| le carnet de Colette Braeckman
L’ « affaire Zoe Kabila » qui avait commencé lorsque les membres de la garde républicaine, chargés d’assurer la sécurité du frère du chef de l’Etat, s’en étaient pris mardi dernier à des agents de police, qui réglaient la circulation à la hauteur du rond point Socimat, s’est terminée par la mise aux arrêts des militaires et l’ouverture d’une enquête. Quant aux policiers, ils récupèrent des coups et blessures et, d’après les médecins, leur état s’améliore.
La conclusion judiciaire qui sera donnée à cette affaire suffira-t-elle à dissiper le malaise ?
Beaucoup de questions restent posées à Kinshasa : pourquoi le frère du chef de l’Etat, qui n’occupe pas de position officielle, est il considéré et traité comme une personnalité importante ? Pourquoi la garde républicaine, sorte de corps d’élite affecté à la sécurité du président et des institutions, peut elle se permettre de rosser d’importance des agents de police, dont le seul tort était d’avoir tenté de maîtriser la circulation sur le boulevard du 30 juin ? Pourquoi les véhicules officiels, qui traversent la ville à toute vitesse, doivent ils obliger automobilistes et piétons à se ranger en hâte sur les bas côtés, au risque d’être bousculés sinon pire encore ?
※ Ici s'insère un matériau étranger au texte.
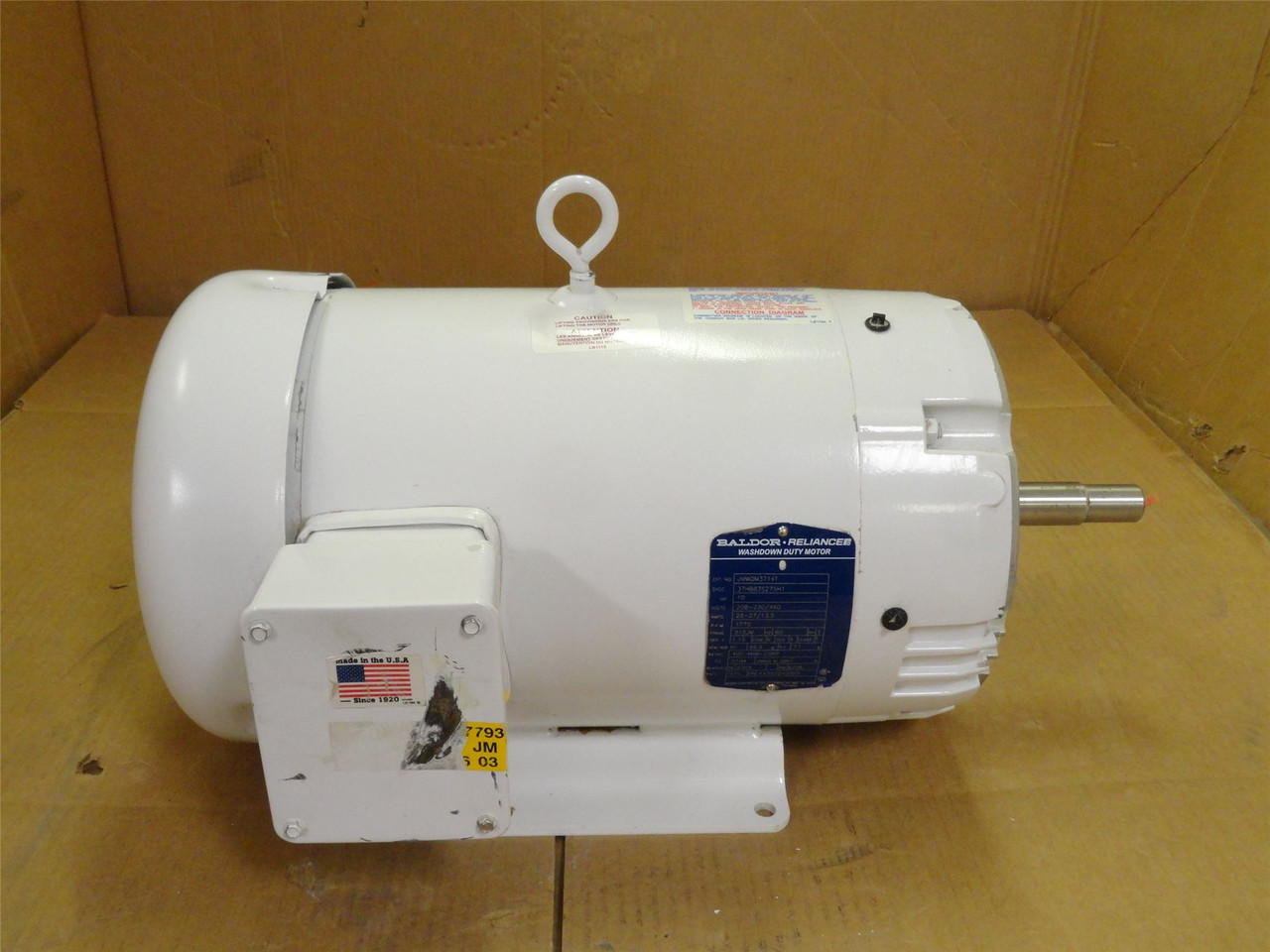 Baldor JMWDM3714T; AC Motor; 10Hp; 208-230/460V; 1770RPM; 3PH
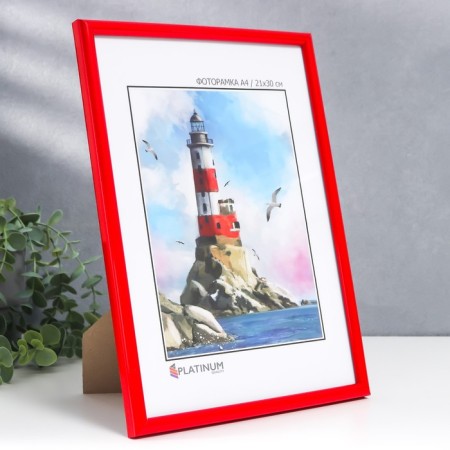 Photo frame plastic "Palette" 21x30 cm, red, with a leg-1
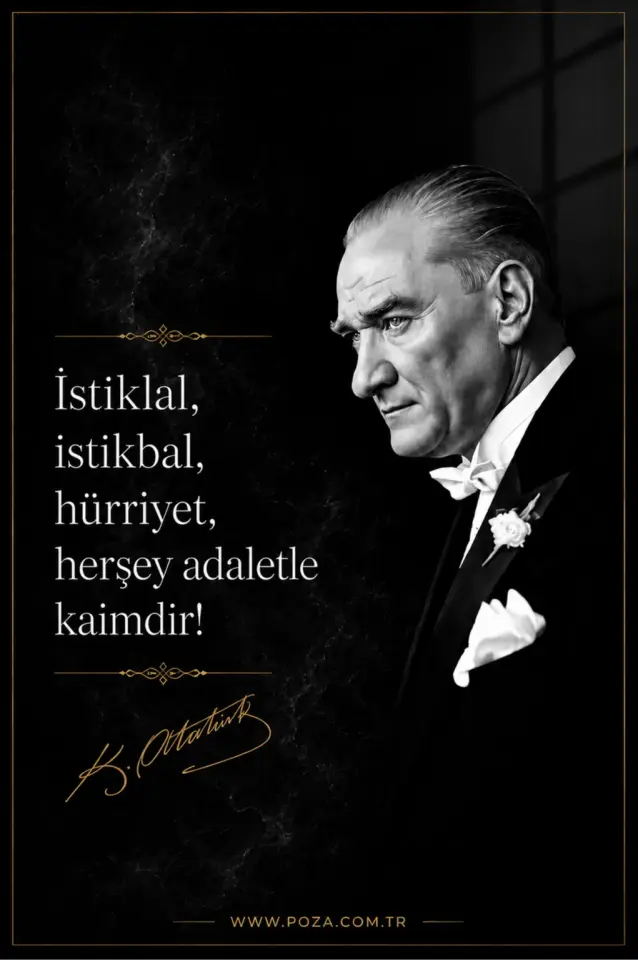 Atatürk adalet sözü cam tablo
Tout cela fait mauvais effet, rappelle les heures sombres du mobutisme, où les Hiboux de sinistre mémoire et les sbires de la DSP (division spéciale présidentielle) n’hésitaient pas à terroriser les opposants et agissaient comme si les lois de la république ne s’adressaient pas à eux.
Tout cela nous ramène aussi à l’affaire Tungulu, cet opposant venu de Bruxelles, qui lança ou des cailloux sur le véhicule conduit par le chef de l’Etat et fut retrouvé ensuite « suicidé » dans sa cellule du camp Tshatshi, où il avait été emmené manu militari par la garde républicaine. Depuis lors, la famille, qui réside à Bruxelles, réclame en vain le corps de Tungulu et l’opposition, qui a manifesté samedi à Bruxelles, fait de lui un martyr.
Dans la première relation que nous avions donnée de ces faits malheureux, nous avions mis en doute la version du suicide, en soulignant à quel point il était invraisemblable que dans une prison congolaise un détenu se serve de son oreiller pour se donner la mort. Tout simplement parce que draps et oreillers sont des luxes inconnus là bas. C’est ce que nous appelions une « mort non suspecte », sa version officielle n’étant pas crédible.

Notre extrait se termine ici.